This article summarizes all of the 2023 Fair Debt Collection Practices Act (FDCPA) reported appellate court decisions. The published 2023 decisions summarized here are from the Third, Sixth, Seventh, Eighth, Ninth, and Tenth Circuits. The fourteen decisions are organized below under eight topics.  For each topic, links are provided to the relevant section of NCLC’s Fair Debt Collection for further discussion and additional case law related to that topic.

Federal Court Standing 

Bassett v. Credit Bureau Servs., Inc.60 F.4th 1132 (8th Cir. 2023). The consumer alleged that the collectors violated the FDCPA by sending a collection letter to collect medical bills that demanded interest on the debt without a judgment. The consumer received the letter but did not make a payment. Concluding that the consumer’s alleged harm was not analogous to the type of harm recognized in common-law fraudulent misrepresentation and conversion, the Eighth Circuit held that the consumer lacked Article III standing. In a footnote, the court noted that “infliction of emotional distress and intrusion upon seclusion may be close common-law analogues” but noted that the consumer did not present these analogues.

Bouye v. Bruce, 61 F.4th 485 (6th Cir. 2023). The consumer alleged violations of the FDCPA arising from a state court lawsuit on a debt that allegedly was never properly transferred to the collector. The Sixth Circuit held that the consumer had standing because “[s]he alleged that she suffered an injury because she had to defend against a state lawsuit that [the collector] had no right to bring in the first place.” [See also the summary at “FDCPA Statute of Limitations,” infra, for more about this decision.]

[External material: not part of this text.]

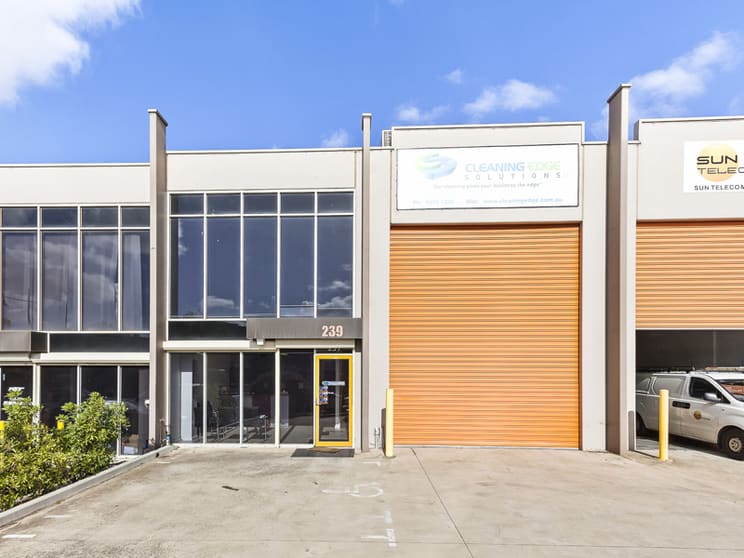 Click to view all images 239 Derrimut Drive Derrimut VIC 3030 - Image 1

Choice v. Kohn L. Firm, S.C., 77 F.4th 636 (7th Cir. 2023). The majority held that neither lack of sleep nor the decision to retain counsel, even if the consumer did so to resolve confusion as the result of contradictory statements by the collector, were sufficient to establish concrete injury. The dissent wrote that the expense of hiring a lawyer to defend a baseless or illegal lawsuit is a concrete injury that supports standing and called for the case to be vacated and remanded for the consumer to clarify the theory of injury.

Huber v. Simon's Agency, Inc., 84 F.4th 132 (3d Cir. 2023). A consumer’s injury was not an “informational harm” because she did not allege the omission of information. Instead, the Third Circuit found that the consumer had standing for her § 1692e claim for deceptive communication because it was analogous to the tort of fraudulent misrepresentation and there was detrimental action—paying to consult a financial advisor and failure to pay down other debts based on that consultation—in addition to the consumer’s confusion.

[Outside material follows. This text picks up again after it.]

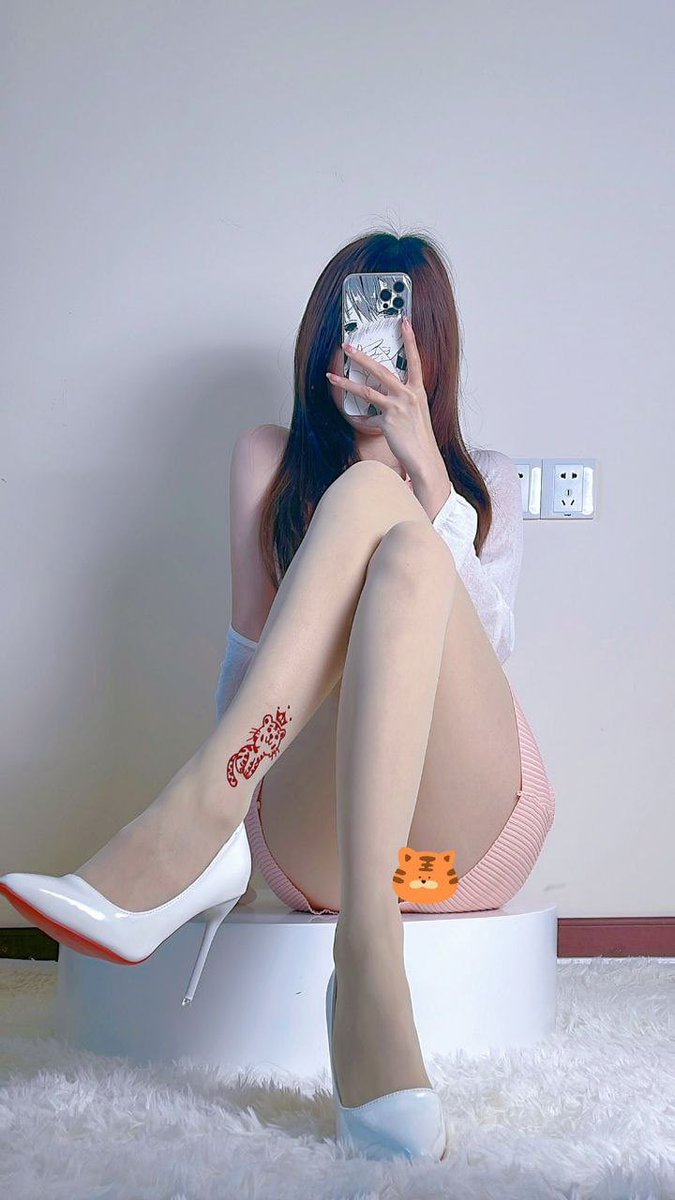 eaea_elhap's tweet photo. 招个听话 忠诚的男m 要求玩得来 24岁以上 别事逼 精虫上脑者勿扰，私信主人电报https://t.co/SmUCyrOBNF🌹👆👆👆🥰❤️ https://t.co/znDexa1i0D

Collection letter disclosing both the “amount” and the “various other accounts total balance” was a deceptive communication in violation of § 1692e where a least sophisticated consumer could read the letter in two ways.

The majority remanded the case to determine whether the proposed class satisfies predominance “notwithstanding the individualized evidence class members must submit to demonstrate standing and recover damages.” 

Mack v. Resurgent Capital Services, L.P., 70 F.4th 395 (7th Cir. 2023). After disputing a debt with a collection agency collecting on behalf of Resurgent and before receiving a response to her dispute, the consumer received a collection letter from Resurgent again telling her that her debt would be assumed to be valid unless she disputed in 30 days. The consumer then disputed the debt directly with Resurgent. The consumer did not receive a response to either of the disputes and filed suit for violations of §§ 1692e, 1692e(10), 1692f, and 1692g(a)(2). Reversing the lower court decision, the Seventh Circuit held that the $3.95 in postage that the consumer paid to mail her second dispute letter was sufficient to establish concrete injury sufficient for Article III standing. The court also noted that the class definition would need to be modified “to limit the class to persons who acted to their detriment upon receiving the second letter.”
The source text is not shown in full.